For some time it has been clear to me what the key issues are that requires fixing in the United Kingdom:
- An inequality based on thirty years of Neo-Liberal policies
- A growing democratic deficit both in the UK and EU
- The creeping privatisation of public services started by New Labour becoming a stampede under the coalition
- A refusal to accept and respond to the growing man-made environmental catastrophe that is unfolding
- A failure to acknowledge peak oil, and the scarcity of the resources that mean that growth based on consumerism is fatally flawed going forward
- A national housing crisis that remains unsolved
This is by no means a comprehensive list. However, it is my view that the Labour Party has failed grasp these issues. The Tories certainly won’t, but if I want to campaign for a decent future for my children another party must.
You have stated many times that New Labour is dead. However, the ghost of Blair still possesses much of the PLP, against a majority of the grass-roots membership. Let us not forget that Tony Blair essentially embraced the Neo-Liberal consensus, as did Gordon Brown. Yes, it was dressed up to look like it wasn’t, but an animal with two humps and four legs is always a camel.
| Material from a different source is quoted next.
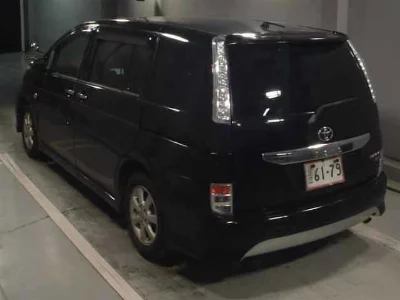 TOYOTA ISIS
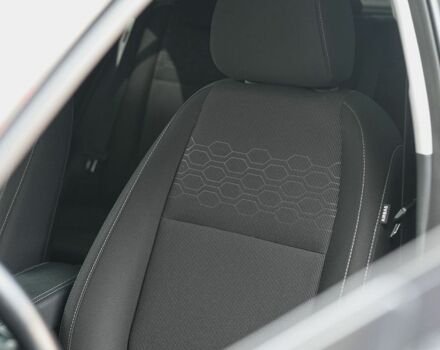 Серый Киа Рио, объемом двигателя 1.37 л и пробегом 46 тыс. км за 15296 $, фото 14 на Automoto.ua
In many speeches you have hinted that you understand my concerns, yet no actions or commitments have been made that give me any confidence you will commit Labour to seriously following through your good intentions. I understand the establishment will be hostile, but to make a change you must face this. Universal suffrage, the abolition of slavery and the creation of the Unions did not occur without serious fights. The fight to rid us Neo-Liberalism will be no easier.
Where is Labour’s clear backing of the protesters outside St, Pauls? These are the first cohort fighting this battle. Consider it a new start up company, like an embryonic Microsoft. A small investment now is easy, but if the movement grows into something bigger (which I am sure it will) that investment will result in huge rewards.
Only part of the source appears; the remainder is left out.